Reproduce only the lines that begin at the line with "デニムパンツ レディースストレートパンツ |" and run to the end of the entries; omit every picture.
[Start of section]
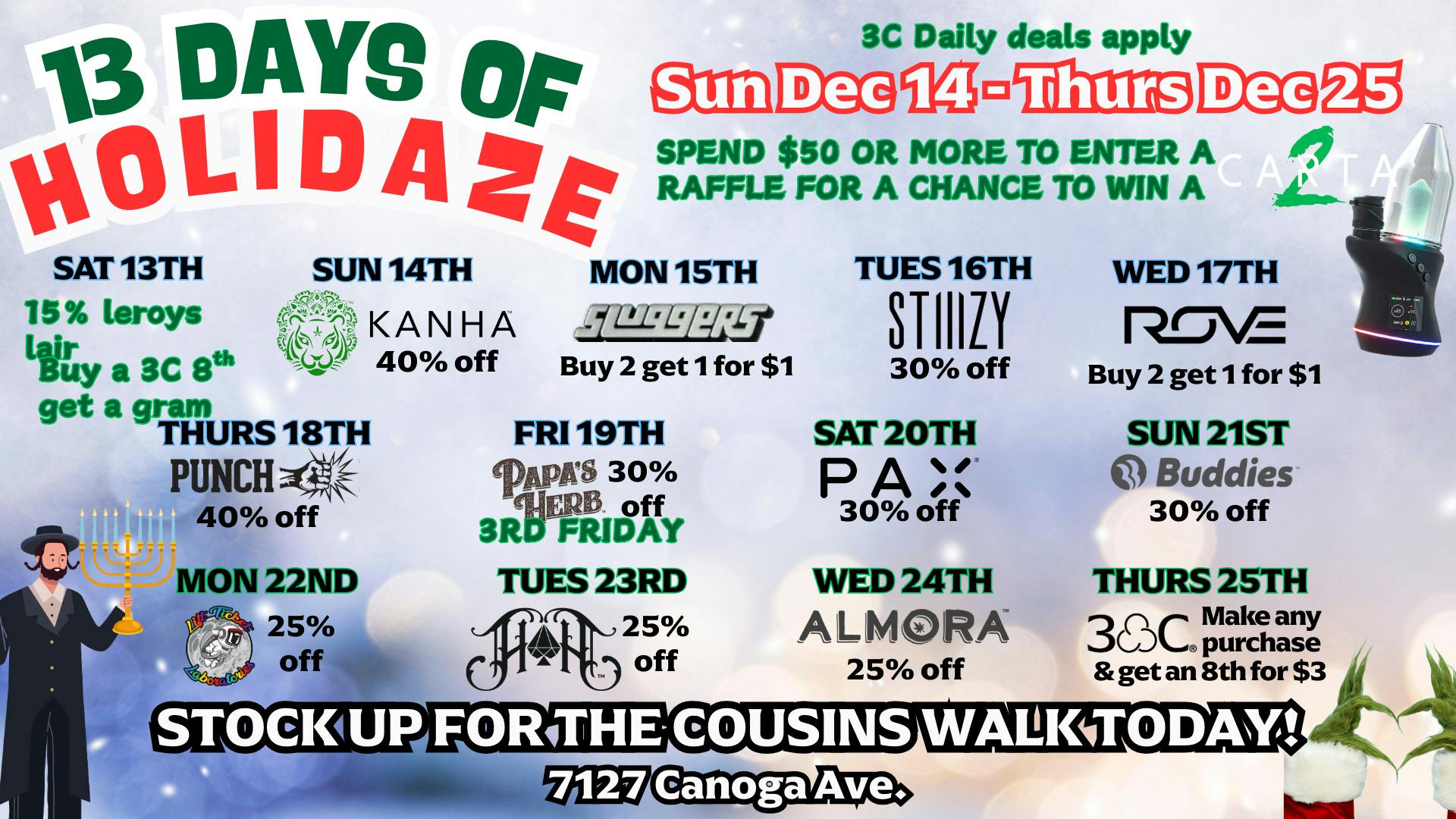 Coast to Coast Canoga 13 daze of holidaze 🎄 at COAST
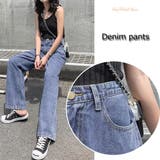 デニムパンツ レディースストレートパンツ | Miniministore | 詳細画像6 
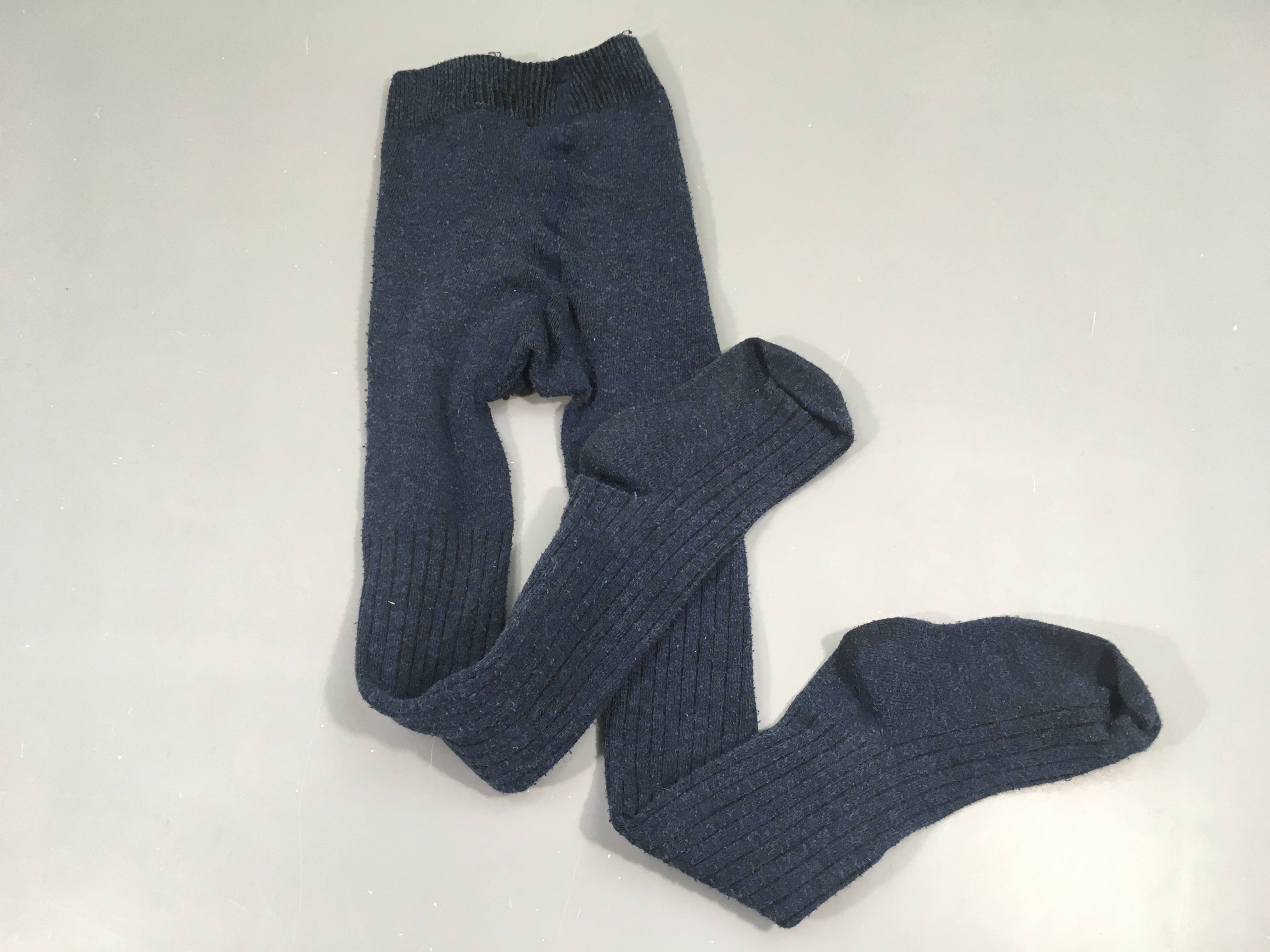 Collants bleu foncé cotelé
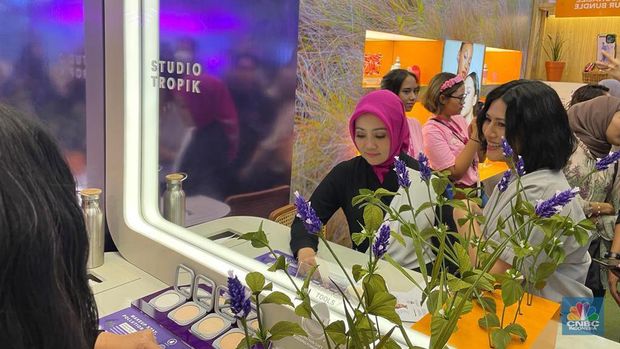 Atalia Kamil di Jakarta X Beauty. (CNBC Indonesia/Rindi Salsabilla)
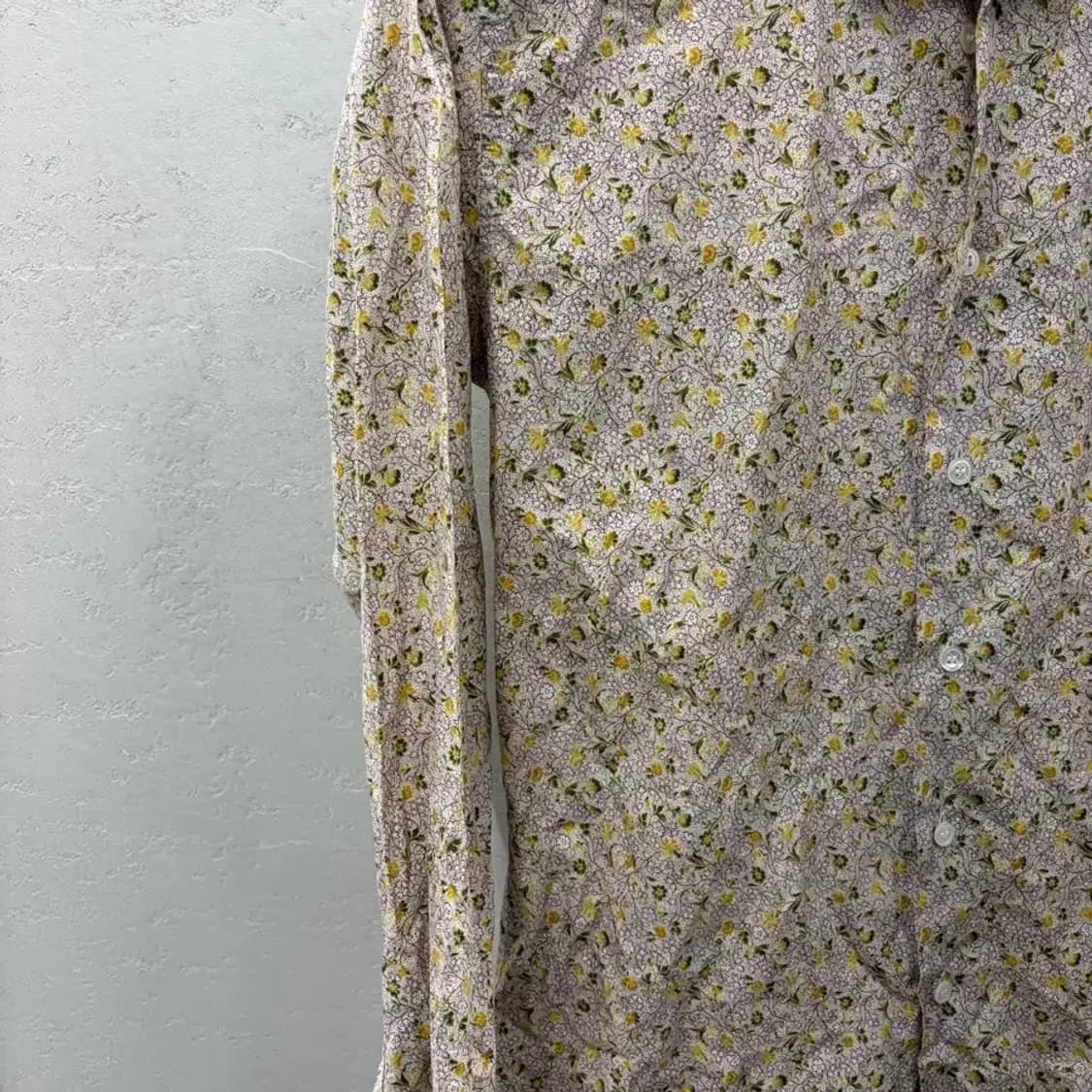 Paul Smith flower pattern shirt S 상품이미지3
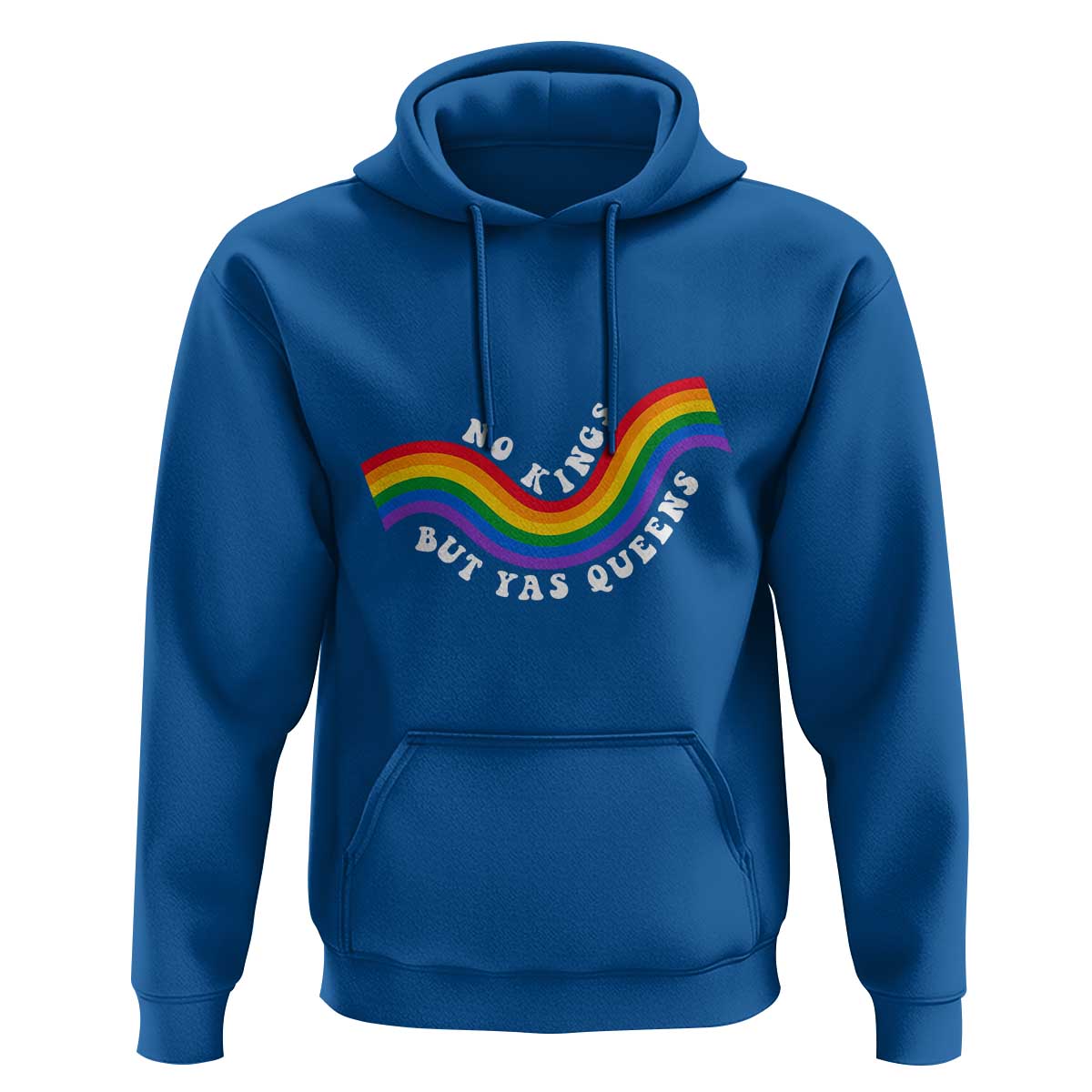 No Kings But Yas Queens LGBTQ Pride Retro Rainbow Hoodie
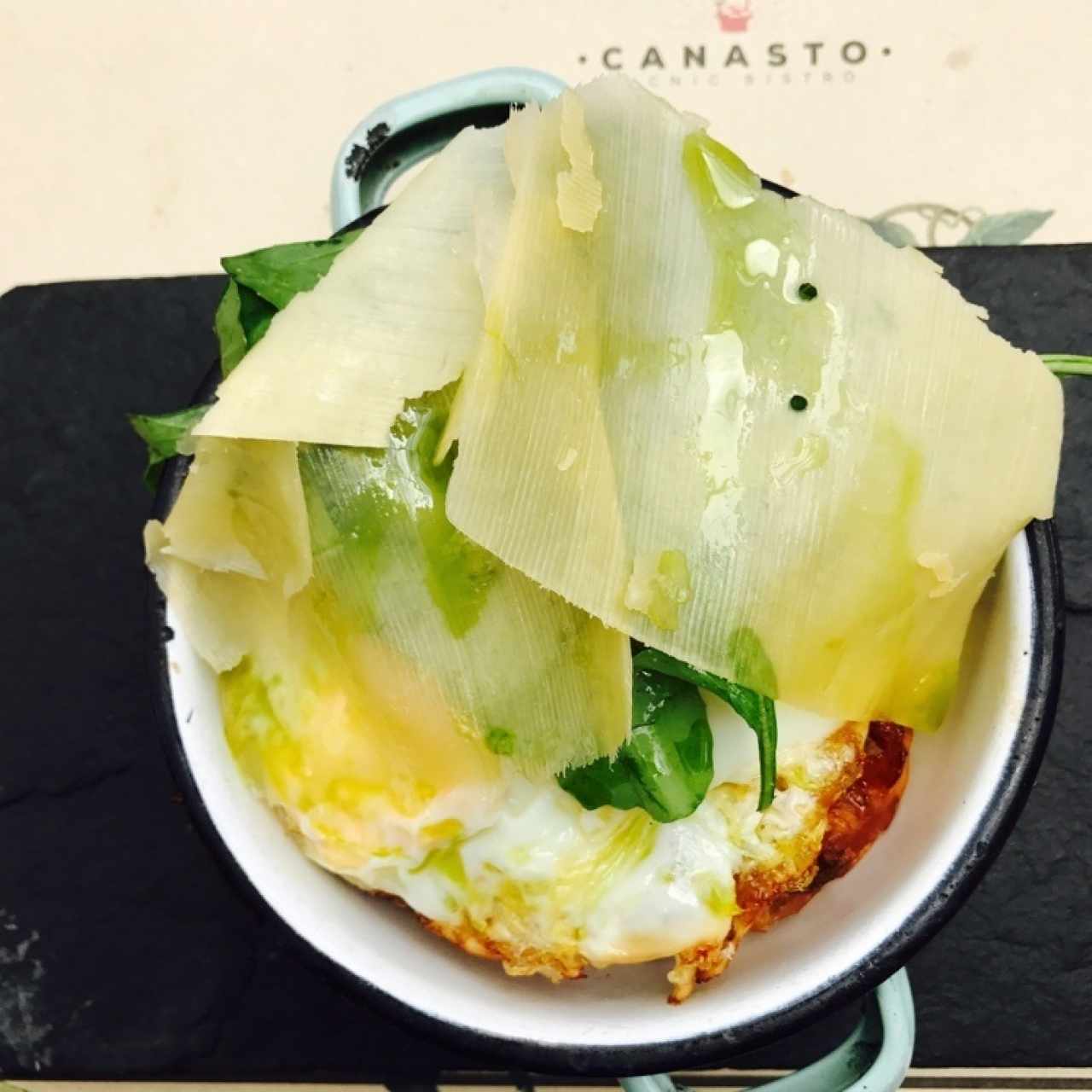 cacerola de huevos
[End of section]
ANSWER SECTION:
 デニムパンツ レディースストレートパンツ | Miniministore | 詳細画像6 
 Collants bleu foncé cotelé
 Atalia Kamil di Jakarta X Beauty. (CNBC Indonesia/Rindi Salsabilla)
 Paul Smith flower pattern shirt S 상품이미지3
 No Kings But Yas Queens LGBTQ Pride Retro Rainbow Hoodie
 cacerola de huevos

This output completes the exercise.